Segment Start: Recorded information

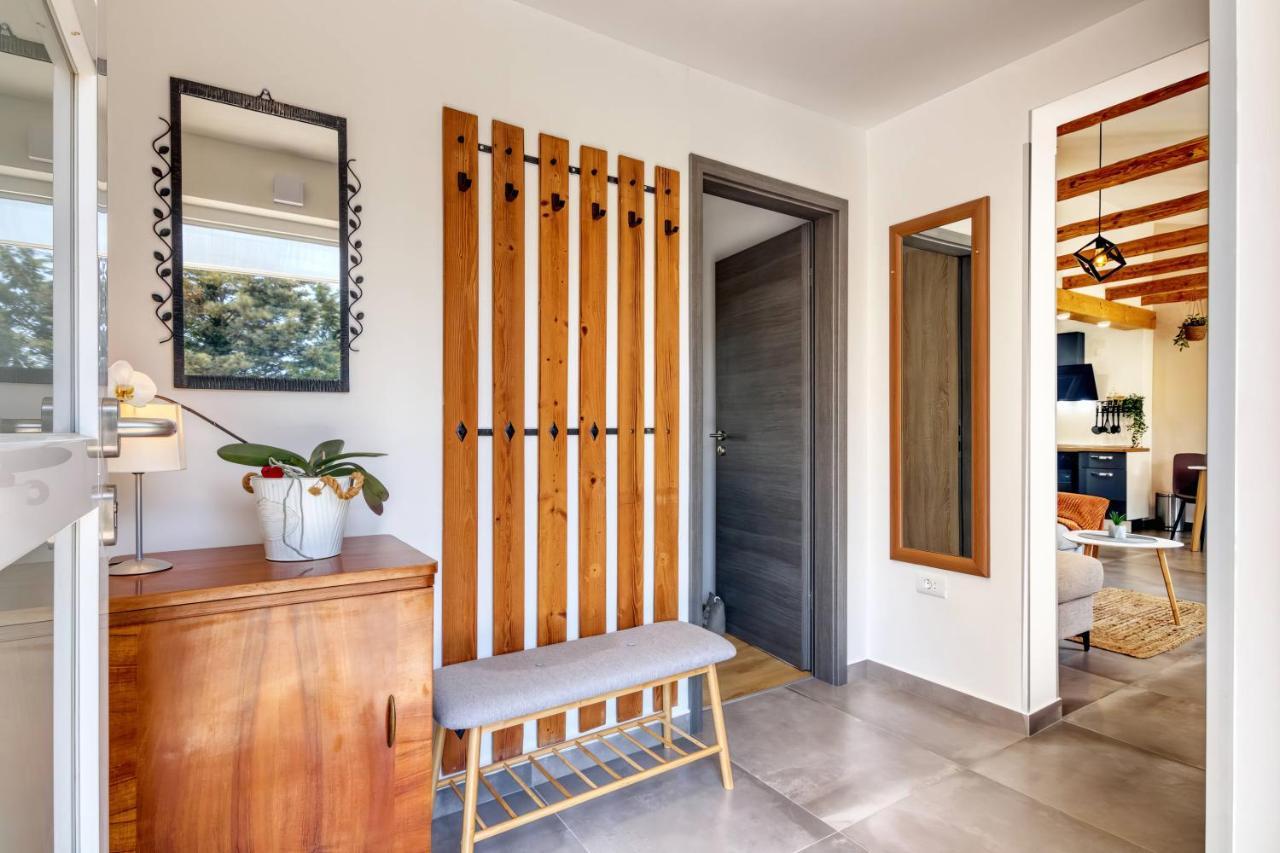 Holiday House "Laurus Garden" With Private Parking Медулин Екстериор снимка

Segment End: Recorded information
Segment Start: Recorded information

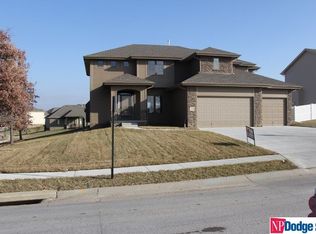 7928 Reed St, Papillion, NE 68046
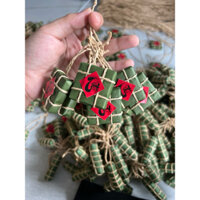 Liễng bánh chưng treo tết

Segment End: Recorded information
Segment Start: Recorded information

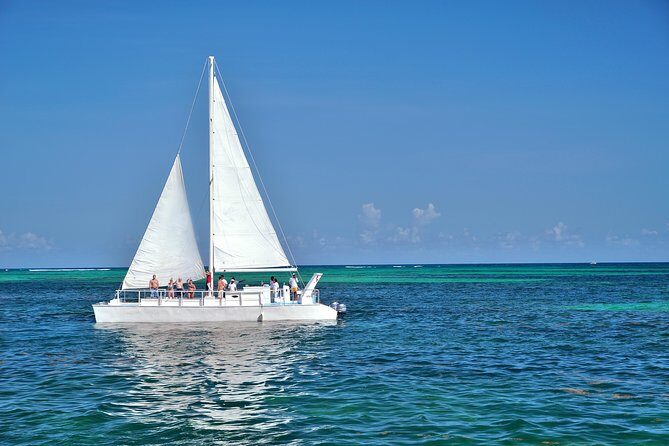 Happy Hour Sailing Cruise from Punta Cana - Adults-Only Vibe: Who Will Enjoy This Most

Segment End: Recorded information

Work task
Only one part of the material above is wanted: the lines from the one with "7928 Reed St, Papillion, NE 68046" up to and including the one with "Liễng bánh chưng treo tết". Please copy them exactly, pictures left out.

Result below
 7928 Reed St, Papillion, NE 68046
 Liễng bánh chưng treo tết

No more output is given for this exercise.